Today, those battles for the most part have been won in Atlanta, and Harvard is proof of the transformation. She has served as head of Atlanta's police department for 15 months, the first African-American woman to lead the police department of a major city.
Harvard has handled her share of challenges in her first year on the job with a low-key style of leadership and a dedication that often keeps her in the office 12 hours a day, seven days a week. She is considered a calm, matter-of-fact leader who is pleasant, but tough when needed. Harvard and her force of 2,300 officers and civilians are battling Atlanta's high crime rate and overseeing a mammoth security plan for the 1996 Summer Olympic Games.
Harvard has also had to respond to and investigate incidents that have put the Atlanta Police Department in a negative spotlight. This fall, the department was shaken by a corruption scandal that involved 11 officers accused of demanding money from drug dealers in exchange for protection. And in the last week, the department's image has again been stained by charges of police brutality stemming from a tragic shootout in a motorcycle shop that resulted in one death.
"[Harvard's] immediate challenge is coping with the image of the department," says Robert Friedmann, professor and chairman of the criminal justice department at Georgia State University in Atlanta. "So far she's handled both very well, relatively low key and trying to avoid the emotions around it."
Colleagues describe Harvard as conscientious, competent, and a good communicator. Even potential critics such as the Police Benevolent Association and the Fraternal Order of Police in Atlanta had no public comment on her tenure.

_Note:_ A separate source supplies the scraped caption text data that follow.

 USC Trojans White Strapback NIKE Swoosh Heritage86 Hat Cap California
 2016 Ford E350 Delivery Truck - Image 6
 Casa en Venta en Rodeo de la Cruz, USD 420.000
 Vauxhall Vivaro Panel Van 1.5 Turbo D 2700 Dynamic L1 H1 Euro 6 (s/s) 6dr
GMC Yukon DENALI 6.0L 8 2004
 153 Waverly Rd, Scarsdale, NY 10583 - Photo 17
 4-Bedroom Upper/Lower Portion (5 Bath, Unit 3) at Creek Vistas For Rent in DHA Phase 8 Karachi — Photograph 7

In an office decorated with floral prints, photographs of her daughter in grade school, and police badges, Harvard is talkative and down-to-earth as she reflects on her role as chief.

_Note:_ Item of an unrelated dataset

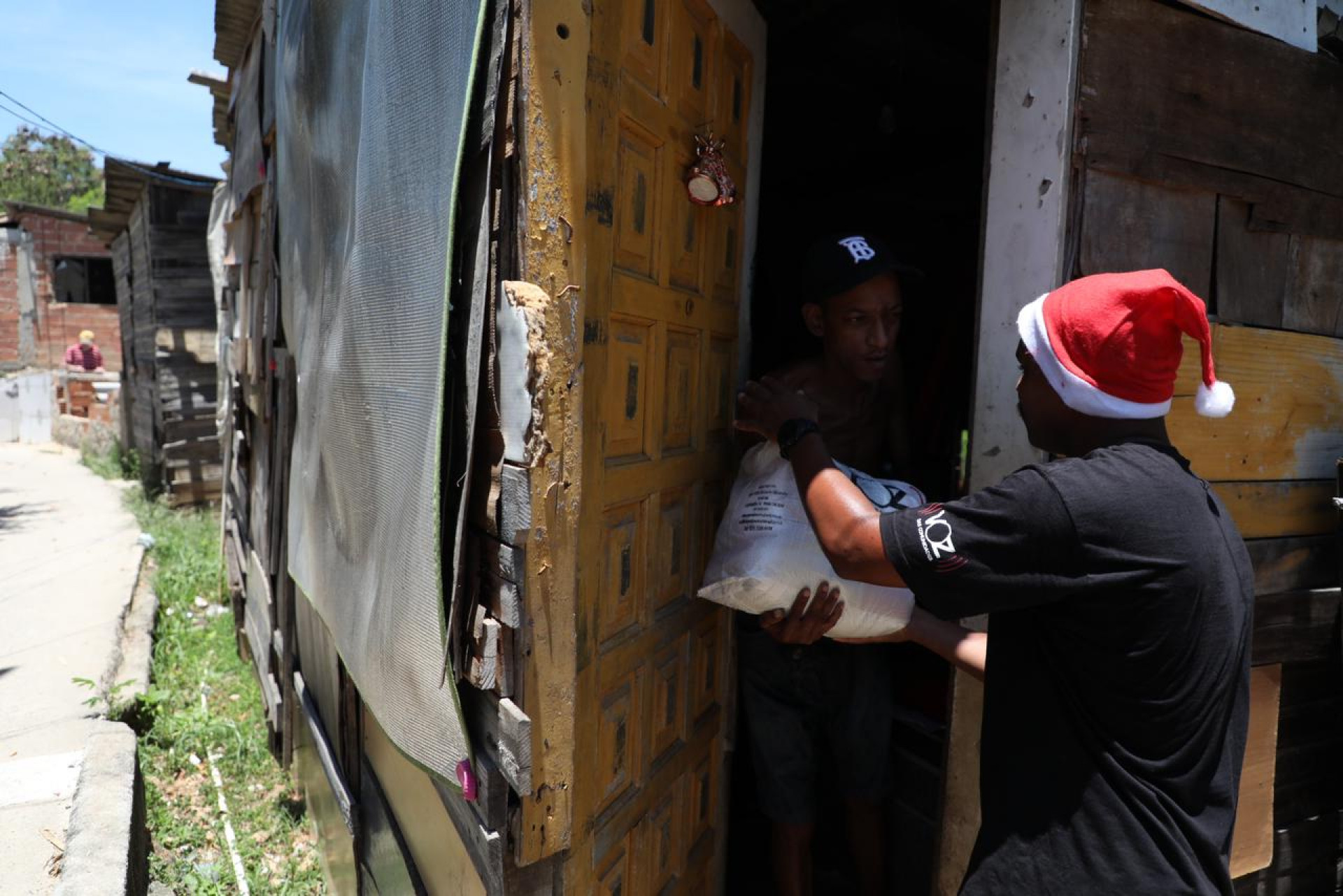 Moradores dos complexos do Alemão e Penha receberam cestas básicas para o Natal - Bruno Itan / Voz das Comunidades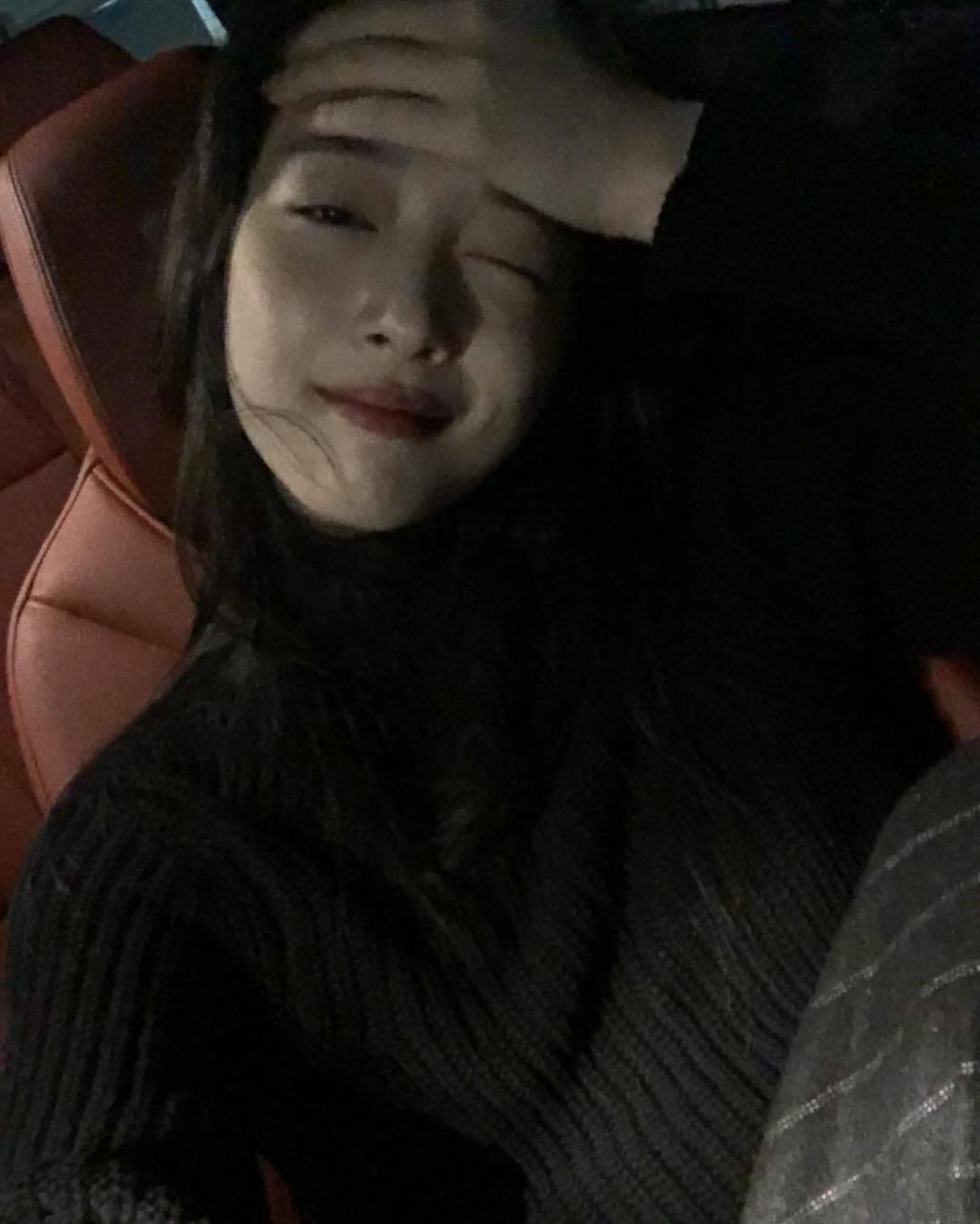 美女照片手机挡脸头像_美女高雅造型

The Macon, Ga., native wound up in the police force after betting her husband $100 that she could become a police officer though she was not of Amazon proportions. Seeking to prove him wrong, she marched down to the department and signed up. Before she knew it, she was on her way to wearing a blue uniform, eager to pursue policing as a career.
Her first assignment was as a patrol officer walking a high-crime area at night. But, she says, her husband "hasn't had any regrets."
Harvard, who holds a sociology degree and a master's in urban government and administration, rose through the ranks, including a stint as deputy chief. Her biggest surprise about the job as top cop has been the international and national requests for her time. She says her greatest lesson so far "has been that you have to have a really tough skin."
One of Harvard's main initiatives has been to increase community policing, which she views as a way to curb crime, establish close ties with neighborhoods, and involve the public.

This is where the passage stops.